O Dr. JOSÉ URBANO PRATES, ilustre Presidente do Tribunal de Ética e Disciplina, na gestão 1998/2000, e suscitante da dúvida encaminhada ao douto Presidente Seccional, houve por bem determinar a juntada do judicioso parecer emanado nos autos do processo E-2.232/00, da lavra do Dr. CARLOS AURÉLIO MOTA DE SOUZA, nobre integrante da Turma de Ética Profissional (TED-I) e ex-magistrado, revisado pela Dra.
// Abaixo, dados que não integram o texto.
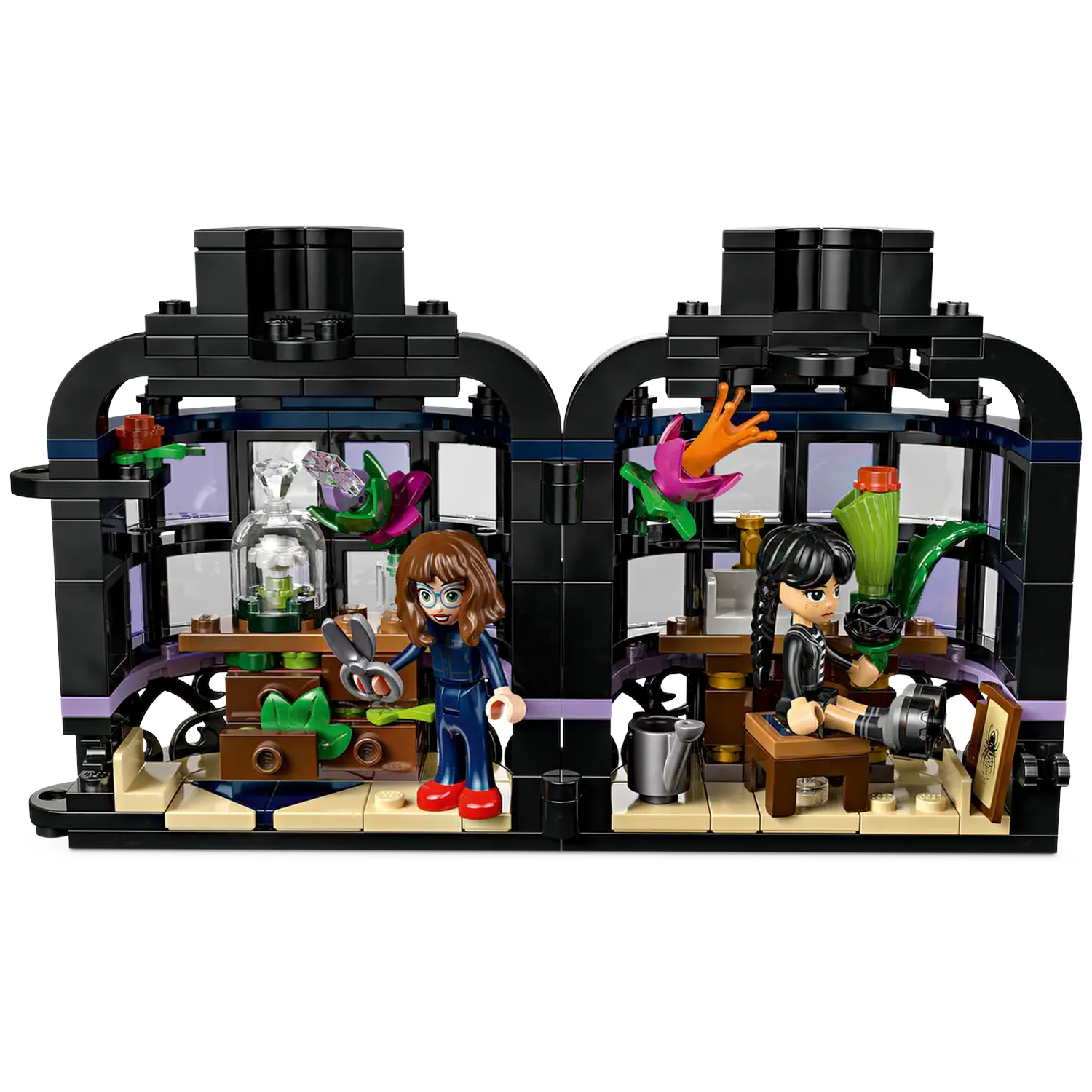 Lego set met twee kamers, elk met een personage. Eén met bril en schaar, de andere met een groene plant. Beide kamers hebben plantendecoratie.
ROSELI PRÍNCIPE THOMÉ, aprovado por unanimidade em 19/10/2000, cuja ementa publicada é do seguinte teor:
“PROCEDIMENTO DISCIPLINAR – DIREITO DE PETIÇÃO – INTERESSE DE TERCEIROS – ACESSO NÃO PREVISTO – Os expedientes disciplinares do Tribunal de Ética e Disciplina são processados sob a tutela do sigilo, para preservação da dignidade dos advogados envolvidos e resguardo da honorabilidade da classe profissional, bem como daqueles que colaboram internamente com o andamento processual. Portanto, somente as partes interessadas e seus procuradores têm acesso aos respectivos autos. O direito constitucional de petição tutela interesses subjetivos concretos não aleatórios. Nos procedimentos disciplinares, não está previsto o fornecimento de certidões, traslados de peças ou informações sigilosas a terceiros, advogados ou não, estranhos ao caso. Não obstante, os interessados têm acesso às decisões desses processos, obrigatoriamente publicados nos órgãos competentes. Proc. E-2.232/00 – v. u. em 19/10/00 do parecer e ementa do Rel. CARLOS AURÉLIO MOTA DE SOUZA – Ver. Dra. ROSELI PRÍNCIPE THOMÉ – Presidente Dr. ROBINSON BARONI.”